As much as this sounds like the intro to a cheesy cable television informercial, it also happens to be 100 percent true. The products we're referring to are promotional products—cups, clothing, pens, bags and other similar items. Many in-plants and other printers sell them to supplement their other offerings.
This is hardly a well-kept secret, as different organizations estimate the industry at around $20 billion per year. But for those not actively selling promotional products, there are some obvious questions. Are they easy to sell? Is there a learning curve? How do you sell them? Must you go through a distributor? What are the hottest products?
We'll try to answer as many questions for you as possible, drawing on some prominent experts from the promo products industry.
Are Promotional Products Easy To Sell?
This is one area where printers can add a profit center without any capital investment, notes Gregg Emmer, vice president and chief marketing officer at Battavia, Ohio-based Kaeser & Blair, one of the industry's master distributors.

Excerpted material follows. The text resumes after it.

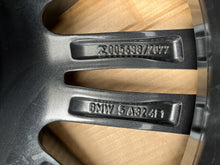 Load image into Gallery viewer, 1x Alufelge 19 Zoll 10.0" 5x112 46ET 5A324E1 BMW 5 Rim Wheel FEL5581255125jp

"It's a natural because printers are typically involved in the early phases of a client's marketing/advertising campaign," says Emmer, who himself joined Kaeser & Blair after a long stint in the printing industry. "Being able to coordinate a promotional component, along with a graphic component, puts you in at ground zero."
Theresa Hatcher, who sells promotional products for The Vernon Co., based in Newton, Iowa, counts many in-plants among her clients.
"Promotional products are a natural product line for most in-plants to add to their list of services," she observes. "It gives you an opportunity to become a true one-stop shop for your customers. You want your customer as well as your administration to think of your in-plant first when they need something printed or reproduced, whether that is a brochure, stationery, pencil, mug or T-shirt."